# Your task:
Work through the entries below and show every line in which "Package" is found.

─── Data to use ───

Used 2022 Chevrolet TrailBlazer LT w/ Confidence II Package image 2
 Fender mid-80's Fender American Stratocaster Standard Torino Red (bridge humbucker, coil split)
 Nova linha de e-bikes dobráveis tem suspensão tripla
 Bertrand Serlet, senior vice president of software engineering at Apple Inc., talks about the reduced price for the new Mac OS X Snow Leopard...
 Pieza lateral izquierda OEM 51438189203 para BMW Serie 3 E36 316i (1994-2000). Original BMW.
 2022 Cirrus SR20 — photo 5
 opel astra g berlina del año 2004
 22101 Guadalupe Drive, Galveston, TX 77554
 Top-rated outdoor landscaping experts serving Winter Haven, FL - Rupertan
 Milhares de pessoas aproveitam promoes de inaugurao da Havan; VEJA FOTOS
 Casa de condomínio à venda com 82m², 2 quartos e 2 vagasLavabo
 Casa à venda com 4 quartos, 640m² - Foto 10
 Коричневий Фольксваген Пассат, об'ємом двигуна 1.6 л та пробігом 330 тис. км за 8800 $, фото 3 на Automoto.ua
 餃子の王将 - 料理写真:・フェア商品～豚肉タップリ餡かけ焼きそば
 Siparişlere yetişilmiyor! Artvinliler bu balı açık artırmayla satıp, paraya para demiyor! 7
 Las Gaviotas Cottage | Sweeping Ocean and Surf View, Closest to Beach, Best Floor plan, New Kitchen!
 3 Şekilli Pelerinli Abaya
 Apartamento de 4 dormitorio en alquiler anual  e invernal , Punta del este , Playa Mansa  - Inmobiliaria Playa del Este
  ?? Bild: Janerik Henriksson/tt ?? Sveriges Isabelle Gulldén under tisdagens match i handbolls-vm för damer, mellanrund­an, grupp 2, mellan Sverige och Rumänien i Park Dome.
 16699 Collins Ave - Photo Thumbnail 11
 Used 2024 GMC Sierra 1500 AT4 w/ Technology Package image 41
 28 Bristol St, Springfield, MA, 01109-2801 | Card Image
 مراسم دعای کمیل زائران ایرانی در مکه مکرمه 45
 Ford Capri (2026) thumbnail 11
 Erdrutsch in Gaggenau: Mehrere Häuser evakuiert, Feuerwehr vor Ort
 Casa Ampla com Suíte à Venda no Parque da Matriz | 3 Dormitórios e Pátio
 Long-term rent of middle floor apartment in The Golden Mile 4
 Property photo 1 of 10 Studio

───

# Answer space:
Used 2022 Chevrolet TrailBlazer LT w/ Confidence II Package image 2
 Used 2024 GMC Sierra 1500 AT4 w/ Technology Package image 41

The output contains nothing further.